The Constitution requires the Supreme Court to side with Congress on the Voting Rights Act
This week, in one of the most important voting rights cases in decades, the Supreme Court will hear oral argument in Shelby County v. Holder, a constitutional challenge to a core provision of the Voting Rights Act. The Voting Rights Act is perhaps the most successful civil rights law in our nation’s history, which has protected the right to vote for millions of Americans. Shelby County argues that this iconic statute is now outdated, and that bipartisan majorities of Congress violated the Constitution when they voted by huge margins to renew this celebrated law in 2006.

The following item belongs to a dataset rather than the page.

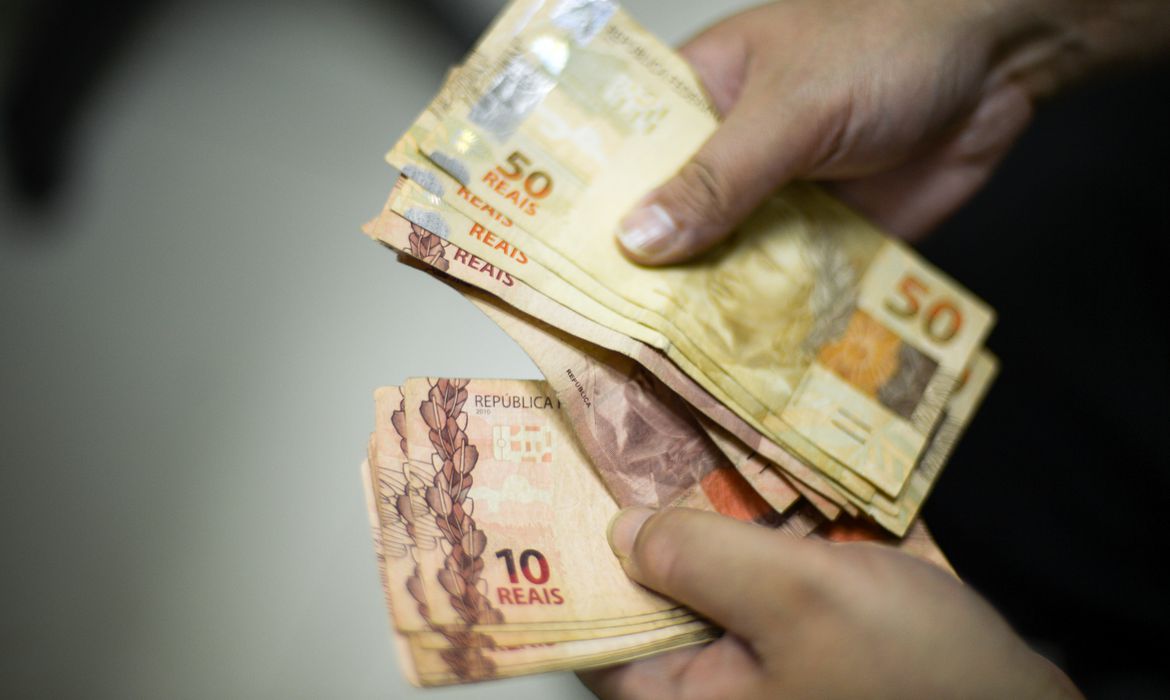 Teto do INSS sobe para R$ 8.157,40 em 2025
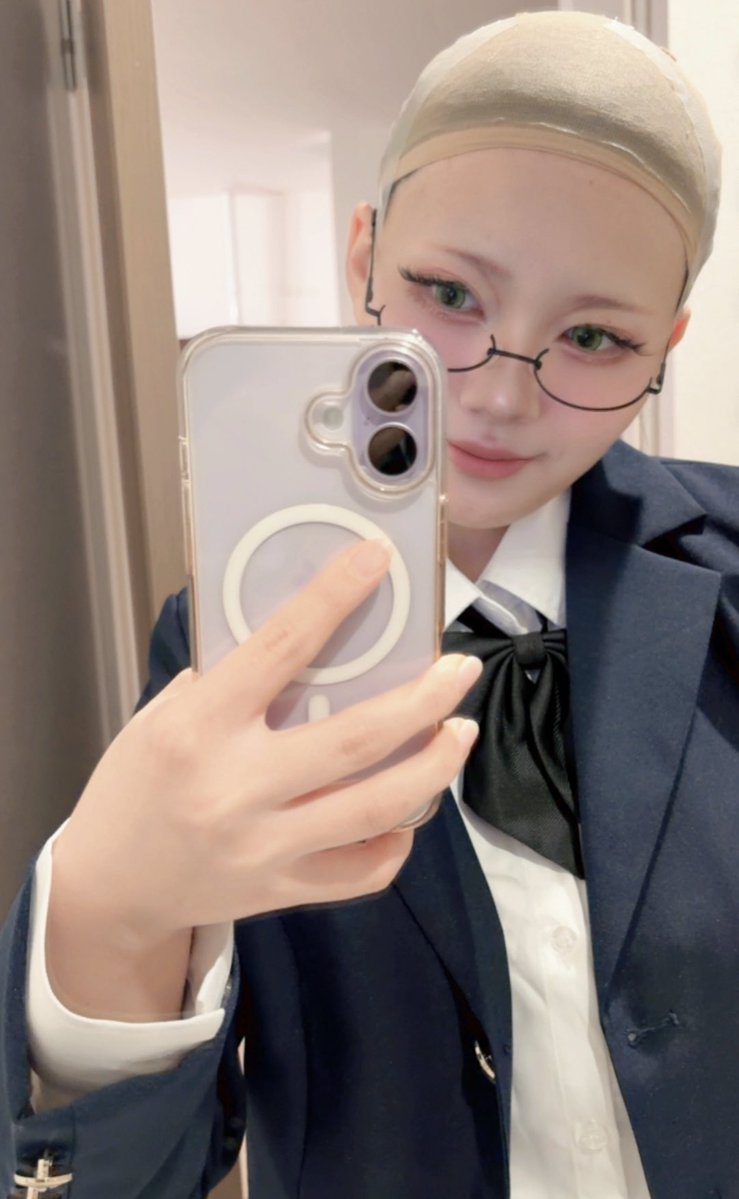 初谷 tweet media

The biggest problem with Shelby County’s argument is the Constitution itself, which explicitly gives to Congress broad power to “enforce” by “appropriate legislation” the Constitution’s prohibition on racial discrimination in voting. In the Voting Rights Act, Congress used this express power to ensure that the right to vote would be a reality for all persons regardless of race.
Shelby County argues that the South has changed, but Congress—the body specifically charged in the text with enforcing the Constitution’s command of equality in the voting booth—disagreed. In 2006, amidst progress, Congress found continuing racial discrimination in voting, concentrated in many of the same states that resisted the 15th Amendment and made the Voting Rights Act a necessity. In places like Selma, Ala.— which played a historic role in the law’s enactment in 1965—governments sought to strip minorities of hard-won gains at the very moment racial minorities were about to succeed at the polls. Elsewhere, white elected officials even went to the extreme of cancelling an election to prevent African-Americans from electing their candidate of choice. The Voting Rights Act continues to play an essential role in preventing discriminatory voting changes such as these.
Shelby County should be an easy case. The Constitution’s text expressly gives to Congress the power to enforce the Constitution’s prohibition against racial discrimination in voting, arming Congress with substantial power to ensure that our most precious fundamental right is enjoyed by all Americans regardless of race. The Supreme Court has repeatedly upheld this very act, and the record developed by Congress shows that racial discrimination in voting is still a blot on our Constitution’s promise of voting equality. The question now, as the justices hear oral argument, is whether the Roberts Court will follow the Constitution or subvert it.